G7、ウクライナ巡る共同声明断念 米国が抵抗=カナダ当局者

主要7カ国(G7)議長国カナダは、米国の抵抗を受け、今回のG7首脳会議でロシア・ウクライナ戦争を巡る力強い声明を出す計画を断念した。(2025年 ロイター/Amber Bracken)

[カナナスキス(加アルバータ州) 17日 ロイター] – 主要7カ国(G7)首脳会議は17日、ウクライナ支援に関する共同声明を見送った。カナダ当局者によると、米国の抵抗を受け、ロシア・ウクライナ戦争を巡る力強い声明を出す計画は断念。代わりに、議長国であるカナダのカーニー首相が、制裁を通じロシアへの圧力を強化し、米国主導の和平努力を支持する内容の声明を発出するという。

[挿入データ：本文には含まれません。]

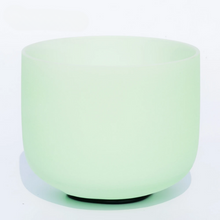 Load image into Gallery viewer, 1 Piece - Pastel Chakra Color Quartz Crystal Singing Bowl with free mallet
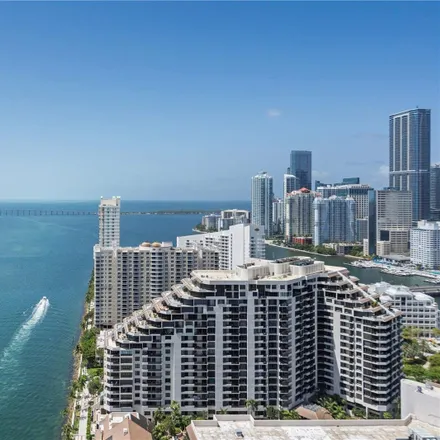 Rent this 3 bed condo on 808 Brickell Key Drive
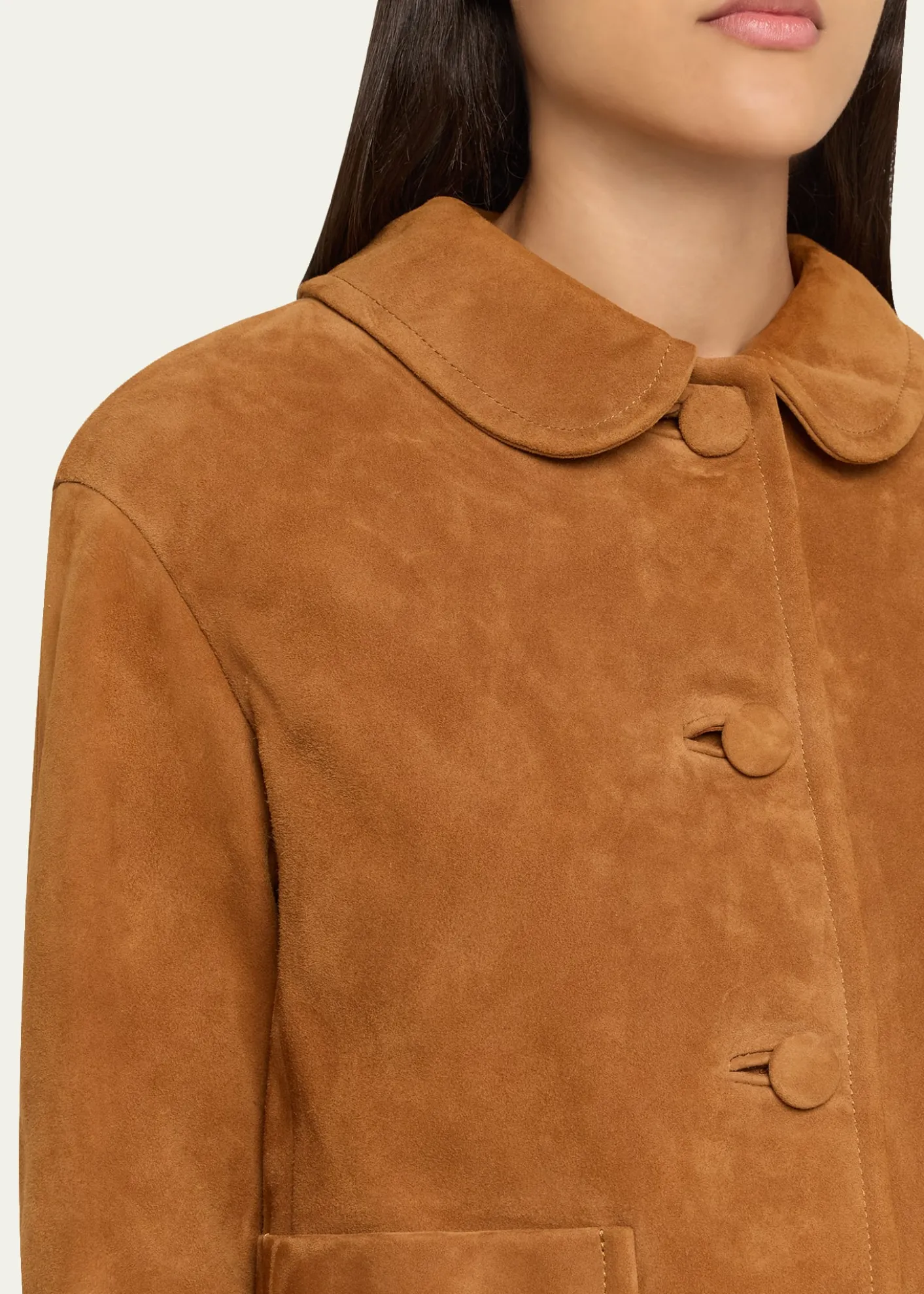 Marc JacobsSuede Doll Jacket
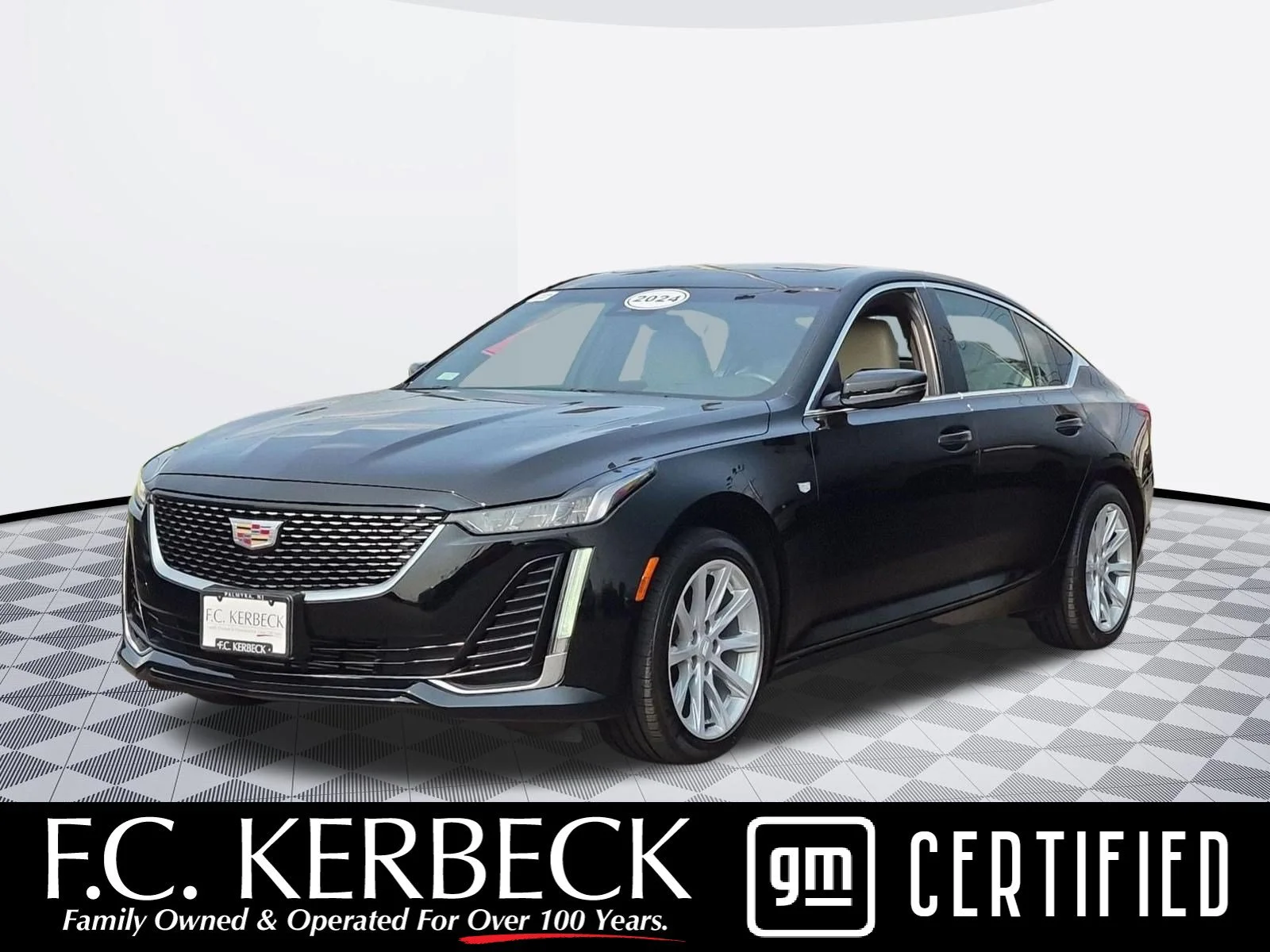 Used 2024 Black Raven Cadillac Luxury image 1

ウクライナのゼレンスキー大統領は同日、G7サミットに参加し、対ロシア戦争を巡る一段の支援を強く要請した。

カーニー首相は、カナダがウクライナに20億カナダドル(14億7000万米ドル)の新たな軍事支援を提供すると表明。さらに、ウクライナの首都キーウ(キエフ)など各地で17日未明、ロシアによる大規模攻撃があり、少なくとも16人が死亡し、多数が負傷したことは、「ウクライナとの完全な連帯の重要性を強調するものだ」と述べた。

ゼレンスキー大統領はテレグラムへの投稿で、G7首脳に対し「外交は今や危機的な状況にある」と伝え、紛争の終結に向け「真の影響力を発揮するよう」トランプ米大統領に引き続き働きかけるよう要請したと明らかにした。

ゼレンスキー大統領は追加支援を巡り、トランプ大統領と会談することを望んでいたものの、トランプ大統領が16日、中東情勢を理由に、G7サミットの日程を切り上げて帰国したため、会談は実現しなかった。

ウクライナに関する共同声明は見送られたものの、G7首脳らは重要鉱物や人工知能(AI)、量子コンピューティング、山火事など6つの分野に関する共同声明で合意した。